It works in 512x512 but fails with 512x768 with this error in the vae_encoder step:
***** Compiling vae_encoder *****
...........
[GCA035] Instruction: I-5715-0 with opcode: TensorTensor couldn't be allocated in SB
Memory Location Accessed:
add.1_reload_7077_i0: 196608 Bytes per Partition and total of: 25165824 Bytes in SB
_add.1104-t7919_i0: 4 Bytes per Partition and total of: 512 Bytes in SB
add.6_i0: 2048 Bytes per Partition and total of: 262144 Bytes in SB
Total Accessed Bytes per partition by instruction: 198660
Total SB Partition Size: 196608
- Please open a support ticket at https://github.com/aws-neuron/aws-neuron-sdk/issues/new. You may also be able to obtain more information using the 'XLA_IR_DEBUG' and 'XLA_HLO_DEBUG' environment variables.
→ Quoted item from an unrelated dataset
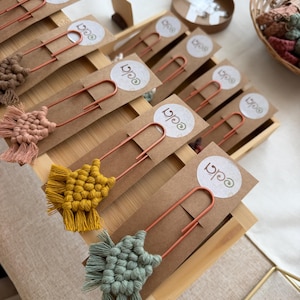 May include: A collection of large copper-colored metal paper clips, each featuring a small macrame knot design in various colors including mustard, sage green, pink, and brown. Each clip is attached to a rectangular card with a circular 'eda' logo.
An error occured when trying to trace vae_encoder with the error message: neuronx-cc failed with 70.
The export is failed and vae_encoder neuron model won't be stored.
Do I need any other parameters or is it a bug that needs fixing? I’m running it on AWS inf2.2xlarge instance.
Somehow I managed to export some SD1.5 checkpoint to 512x768 a couple weeks ago but I’m unable to reproduce it now. Is that a possible regression in optimum-neuron or neuronx-cc?
@Jingya sorry to bother you directly, but you’re always so helpful
Any idea why compiling the model for any resolution other than 512x512 fails?
I have one Neuron model that I was able to compile for 512x768 a few weeks ago but I no longer have the setup and don’t remember the exact command, and now it always fails.
Is it something that can be fixed? Or am I doing something wrong?
I got this when compiling unequal height/width SD’s vae encoder with neuron SDK 2.19.1 on an inf2.8xlarge instance.
[NLA001] Unhandled exception with message: === BIR error ===
Reason: Access pattern out of bound.
Instruction: identity_pool_1_I-5532-441602-tc
Opcode: TensorCopy
Instruction Source: (float32<128 x 1027> $5532[i2_369_0_0, i2_369_0_1, i1_370_6433, i3_369_0_6433, i3_369_1_0_6433_0_0, i3_369_1_0_6433_0_1, i3_369_1_0_6433_1, i3_369_1_1_0_6433_0, i3_369_1_1_0_6433_1, i3_369_1_1_1_6433_0, i3_369_1_1_1_6433_1, i2_370_6433]:5532)0:
Argument AP:
Access Pattern: [[2051,64],[1,1],[1,1027]]
Offset: 1028
Memory Location: {add.11_VN_191_ReloadStore111619}@SB<0,175096>(128x8204)#Internal DebugInfo: <add.11||UNDEF||[128, 2051, 1]>
- Please open a support ticket at https://github.com/aws-neuron/aws-neuron-sdk/issues/new. You may also be able to obtain more information using the 'XLA_IR_DEBUG' and 'XLA_HLO_DEBUG' environment variables.
I will ask Annapurna folks. And it will be super helpful if you can share the env where you succeeded in compiling it!
Hi @Jingya thanks for confirming the issue. Unfortunately I can’t find my old virtual env with the versions that worked. I think it was on my spot instance that’s now gone
No worries, I talked with the Annapurna team, they are working on a fix for the compiler regression. Thanks again for letting us know, I will add a unit test for unequal width/height once the patch is out.